Readers may remember that quantitative easing (QE) was promoted as a way to increase lending to consumers and to keep interest rates on mortgages low. But that was all public relations hype. Consumer lending contracted in the last year while interest rates on the 30-year mortgage have fallen since Bernanke’s QE program ended at the end of March.
So what does it all mean? It means the public was snookered yet again. It also means that housing prices will fall further as banks dump more inventory on the market. How far prices drop will depend on how quickly the banks clear their shadow inventory which, in turn, depends on agreements they’ve made with the Fed and the other banks. Housing inventory is being released in drips and drabs according to an unknown plan. Some would call it price-fixing. Here’s an excerpt from an article in the Wall Street Journal that says that there’s a 9-year backlog of distressed homes:
“How much should we worry about a new leg down in the housing market? If the number of foreclosed homes piling up at banks is any indication, there’s ample reason for concern. As of March, banks had an inventory of about 1.1 million foreclosed homes, up 20 per cent from a year earlier….
“Another 4.8 million mortgage holders were at least 60 days behind on their payments or in the foreclosure process, meaning their homes were well on their way to the inventory pile.
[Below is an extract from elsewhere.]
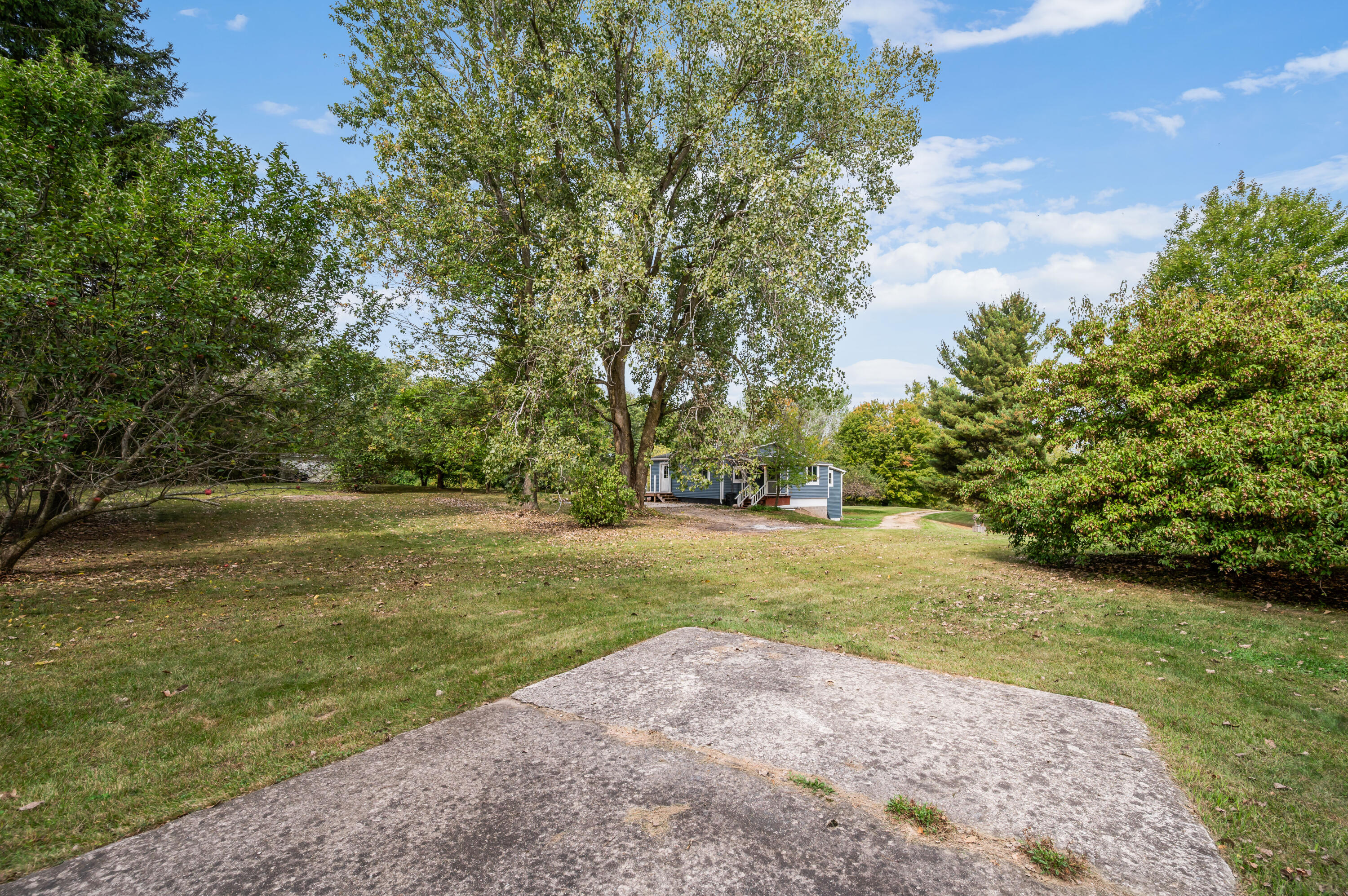 2826 Woods Road Ionia, MI 48846 - Photo 3 of 25 2826-WoodsDr-Ionia-23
That “shadow inventory” was up 30 per cent from a year earlier. Based on the rate at which banks have been selling those foreclosed homes over the past few months, all that inventory, real and shadow, would take 103 months to unload. That’s nearly nine years. Of course, banks could pick up the pace of sales, but the added supply of distressed homes would weigh heavily on prices — and thus boost their losses.” (“Number of the Week: 103 Months to Clear Housing Inventory” Mark Whitehouse, Wall Street Journal)
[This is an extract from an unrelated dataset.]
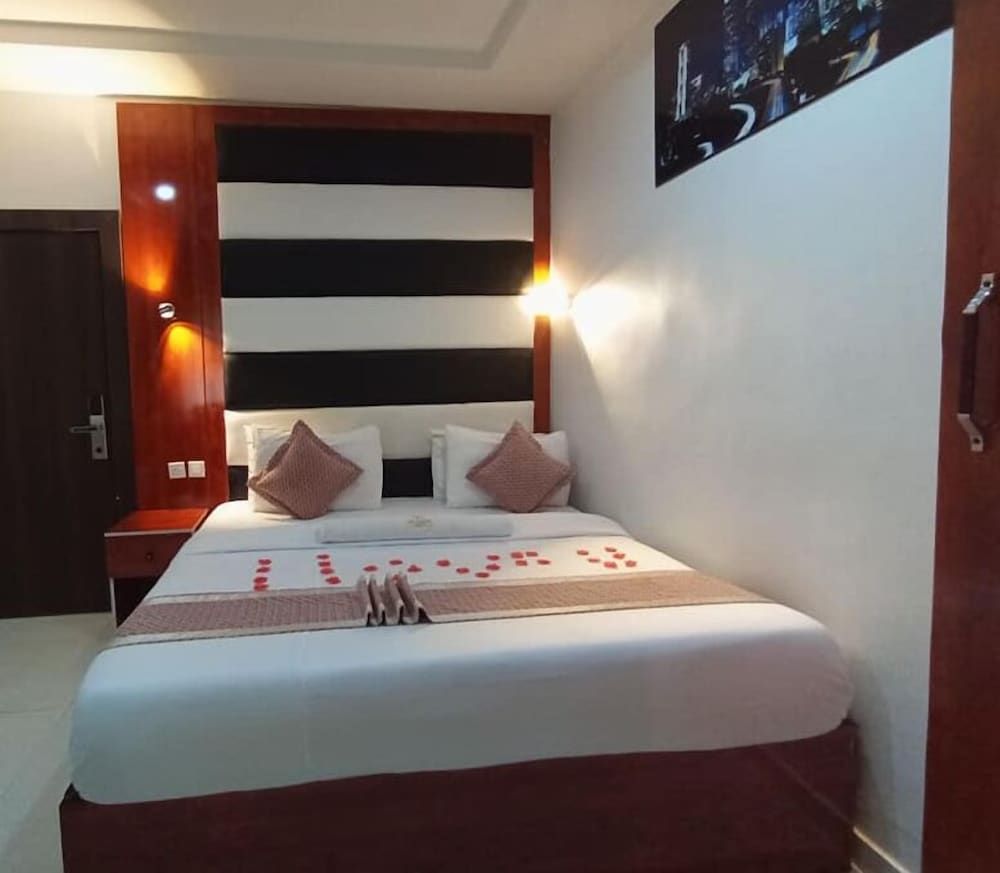 Billion Suite hotel Awka Executive Room, City View 13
Here’s a clip from Housing Wire with a slightly different perspective:
“The amount of REO property held by the banks is also known as the “shadow inventory” of foreclosures. According to Morgan Stanley, it would take 47 months for the market to clear the roughly 7.5m first-lien mortgages in danger or already in foreclosure.” (“Foreclosed Properties Held by Banks Up 12.4 per cent in Q110: SNL Financial,” Jon Prior, Housingwire.com)
No matter how you look at it, housing will be in a funk for the next 5 to 10 years. There’s just too much product and too few buyers. Austerity measures by the Obama team will only put more pressure on sales and prices.
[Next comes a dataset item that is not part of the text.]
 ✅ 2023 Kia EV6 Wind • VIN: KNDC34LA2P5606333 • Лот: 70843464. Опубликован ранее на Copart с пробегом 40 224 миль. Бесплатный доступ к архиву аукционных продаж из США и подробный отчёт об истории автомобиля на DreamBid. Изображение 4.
Now that the government’s homebuyer credits, subsidies and incentives have ended, demand for housing is drying up fast. The Mortgage Bankers Association (MBA) reports that new mortgage purchase applications have tumbled nearly 40 per cent to their lowest level since April of 1997. Sales are in freefall. Prices have already slipped 30 percent from their peak in 2006. Another 10 percent could be the straw that breaks the camel’s back, as Whitney Tilson explains in a recent article titled “The Housing Non Recovery”. Here’s an excerpt:
“Today about 17.2 per cent of homeowners are underwater. But if home prices drop 10 per cent from here, 27 per cent of homeowners would go underwater. In other words, a 10 per cent drop in home prices would cause a 56 per cent increase in the number of people underwater…which would almost certainly lead to another surge in defaults.” (“The Housing Non Recovery”, The Daily Reckoning)
This excerpt deserves a second reading. The next 10 per cent plunge in prices will be more painful than the first 30 percent. The market is on a knife’s edge and one false move could be deadly. More than 7 million homeowners have already stopped paying their mortgages which means that the inventory-pipeline will be bulging for years to come. The administration needs to get on top of this problem before the downward spiral begins and the next disaster becomes unavoidable.